A neural network is loosely based on how the human brain works: many neurons connected to other neurons, passing information through their connections and firing when the input to a neuron surpasses a certain threshold. Our artificial neural network will consist of artificial neurons and synapses with information being passed between them. The synapses, or connections, will be weighted according to the neuron’s strength of influence on determining the output. These synaptic weights will go through an optimization process called backpropagation. For each iteration during the training process, backpropagation will be used to go back through the layers of the network and adjusts the weights according to their contribution to the neural net’s error.

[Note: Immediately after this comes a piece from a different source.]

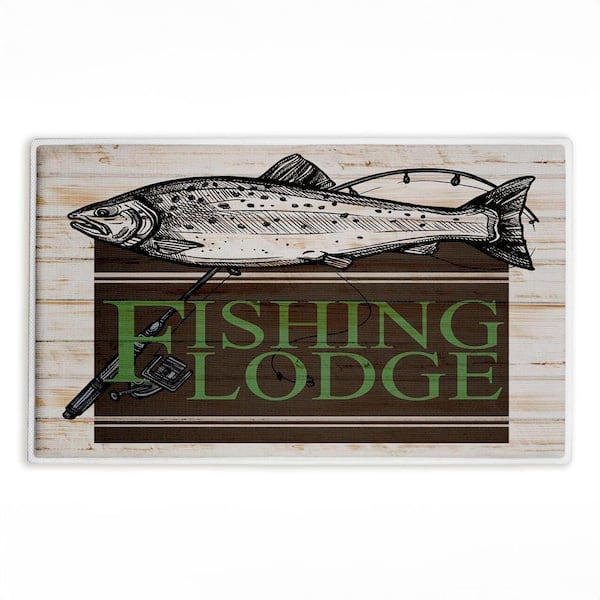 Rustic Fishing Lodge 18 in. x 30 in. Brown Graphic Polyester Blend Rectangle Bath Mat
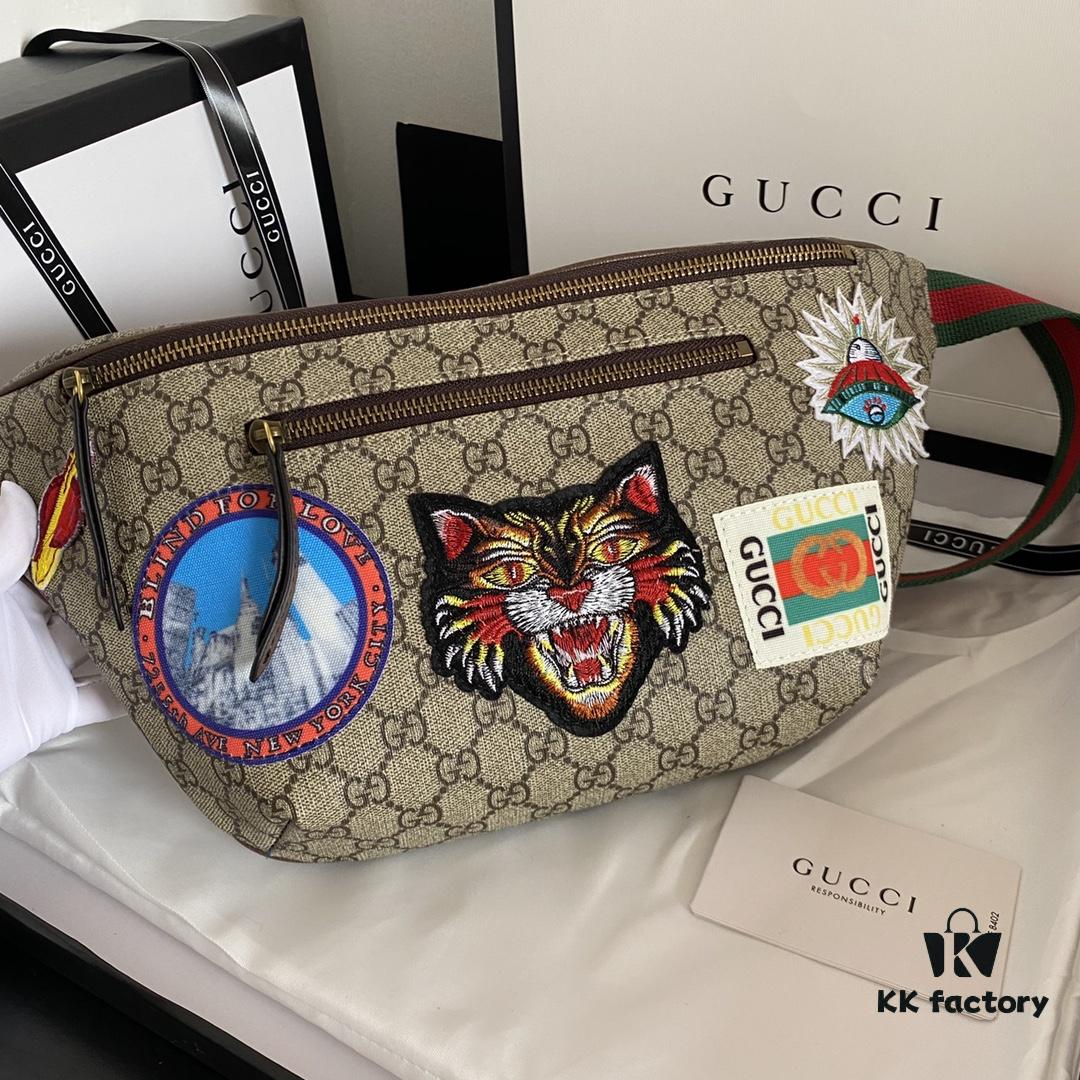 69308df26e68136f4d9a93fc Authentic Photo # Model: 529711 Embroidered Tiger Dimensions: 28x18x8cm. GG Ophidia Always Draws Inspiration from Travel with Various Fashionable Embroideries Such as Planet Motifs and Vintage-style Details, Retro Airmail-style Piping, and Classic Gucci Logo from the Archive Design Fanny Pack ✅ Waist Bag ✅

Neural networks are essentially self-optimizing functions that map inputs to the correct outputs. We can then place a new input into the function, where it will predict an output based on the function it created with the training data.
Neural Net’s Goal
This neural network, like all neural networks, will have to learn what the important features are in the data to produce the output. In particular, this neural net will be given an input matrix with six samples, each with three feature columns consisting of solely zeros and ones. For example, one sample in the training set may be [0, 1, 1]. The output to each sample will be a single one or zero. The output will be determined by the number in the first feature column of the data samples. Using the example given before, the output for [0, 1, 1] would be 0, because the first column contains a zero. An example chart will be given below to demonstrate the output for each input sample.
Full Code
Output:
[[0.99089925]] - Correct: 1
[[0.006409]] - Correct: 0
Code Breakdown
import numpy as np
import matplotlib.pyplot as plt
Before getting started, we will need to import the necessary libraries. Only two libraries will be needed for this example, without plotting the loss we would only need Numpy. Numpy is a python math library mainly used for linear algebra applications. Matplotlib is a visualization tool that we will use to create a plot to display how our error decreases over time.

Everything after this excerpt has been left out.